Alzadas sobre un finísimo entramado narrativo de no fácil ejecución (imagino) pese a la levedad y sencillez aparente (que quizá expliquen la impresionante serenidad que uno siente, a pesar de los temas abordados), mientras las leía, había ocasiones en que estas páginas de José María Guelbenzu me conducían a otras, en un extraño (quizá por involuntario e ingobernable) ejercicio de revivificación según el cual Esta pared de hielo me instalaba a la vez en otras obras u otras voces. No estoy hablando de influencias, ni de ejercicios a la manière de, ni de “sesgados homenajes” a Fulano o Zutano. Hablo de linaje y estirpe, de fraternidades literarias, de sedimentos que permiten condensar en la voz propia (y lo recalco) otras ajenas que incluso pueden ser estilísticamente muy distintas, porque en ocasiones es la mirada lo que revela ese sentido de pertenencia. Y así, a ratos me parecía volver al subsuelo dostoievskiano y escuchar de nuevo el fragor de las batallas que Dios y el Diablo (el Bien y el Mal, si se prefiere) libran en el corazón y la mente de los hombres. Otras veces creía ver el mundo representado desde la farsa y las licencias esperpénticas de Valle-Inclán, pero también oía resonar la aridez lúcida y desengañada de Cioran, la elevada vibración lírica de Cernuda (unos versos de su poema “Tristeza del recuerdo” sirven para dar título a la novela) o el eco de “Don Juan [Benet] en Pisuerga” (a quien Guelbenzu dedica Esta pared de hielo). Tales reflejos o transparencias (que se extienden a lo pictórico y musical: así la estructura externa, Obertura, Oratorio…), por la densidad y riqueza que suponen, constituyen uno de los valores indiscutibles de una novela en la que Guelbenzu arranca, sobre todo, de sí mismo, de la fecunda senda abierta en Un peso en el mundo (Alfaguara, 1999) y en El sentimiento (Alianza, 1995).
Cuando me ocupé de aquélla, resalté el extraordinario drenaje que el autor había llevado a cabo al prescindir de la figura del narrador y construir la novela a partir del diálogo ininterrumpido entre dos personajes, lo cual obligaba a depurar o eliminar drásticamente la materia inane y a cargar las palabras con la máxima fuerza expresiva y el potencial sugeridor del lenguaje, a fin de mover la memoria y la experiencia personal del lector.
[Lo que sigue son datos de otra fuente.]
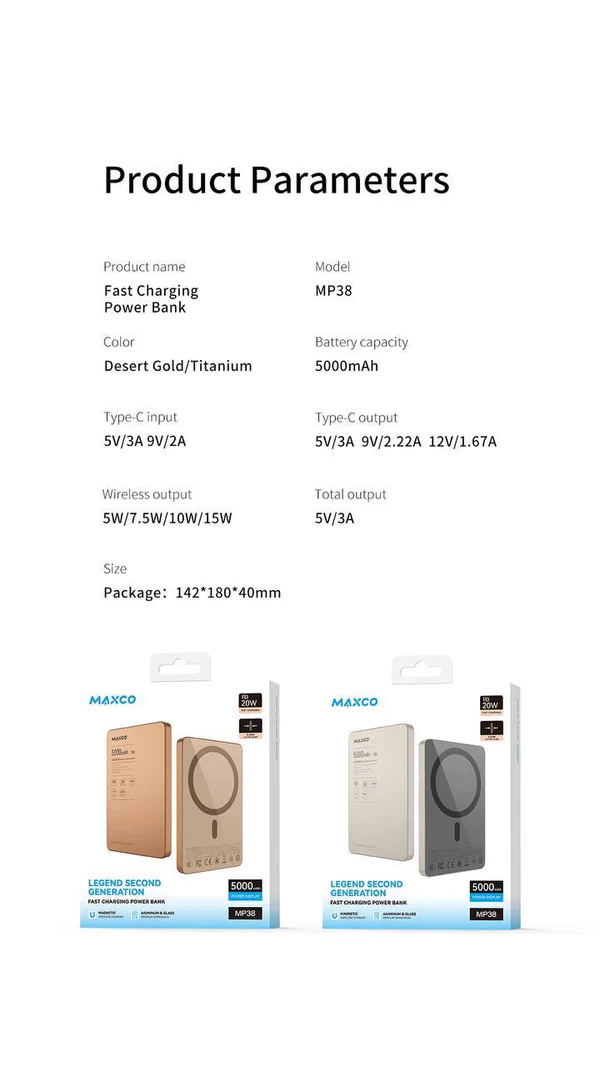 MAXCO Legend Series Power Bank 5000mAh/15W Wireless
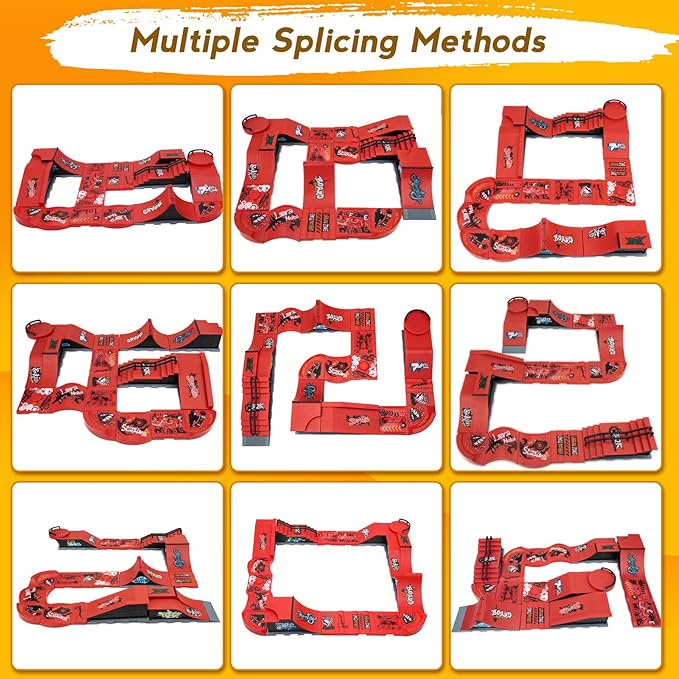 Finger Skateboards Ramp Set, Red 6 in 1 Fingerboard Skatepark Deck with 11 Buffer Plate, Fingerboard Half Pipe Ramp for Kids Adults Fingerboard Train Props Interactive Freestyle Game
En Esta pared de hielo Guelbenzu sí acude a la figura del narrador, dada la bifurcación de la línea narrativa y la proyección sobre el entorno circunstancial de uno de los hilos de la historia. Pero la presencia del narrador queda reducida al mínimo; su voz cumple un papel similar al de las acotaciones escénicas de las obras dramáticas, donde se introduce a los personajes, se indican sus movimientos y gestos, se anota el transcurso del tiempo o se enmarca el espacio-escenario. Sigue prevaleciendo el diálogo, lo importante son los encuentros y comparecencias, depurados e intensos.
Veamos. Julián Po, un hombre que acaba de cumplir los sesenta años, fallece repentinamente. Durante las horas inmediatas al deceso, seguimos el breve peregrinaje de su alma y asistimos a sus últimos latidos mientras aguarda en compañía del barquero encargado de conducirlo al Reino de la Muerte. En el otro plano, en el mundo, escuchamos la conversación que mantiene la viuda de Julián con un enigmático personaje que tiene por oficio la busca y captura de almas interesantes, y también desfilan ante el lector el círculo de amigos y conocidos que en el tanatorio cumplen con el ceremonial de la velación. Como es obvio, son dos (o tres, ya que uno es desdoblamiento del primero) bloques narrativos muy distintos entre sí. Organizar esa diversidad, conjugarla y hacerla avanzar en paralelo, tendiendo elementos comunes que a veces se disponen simétricamente, y desarrollar una intriga que se resolverá al final, no es otro mérito menor, precisamente.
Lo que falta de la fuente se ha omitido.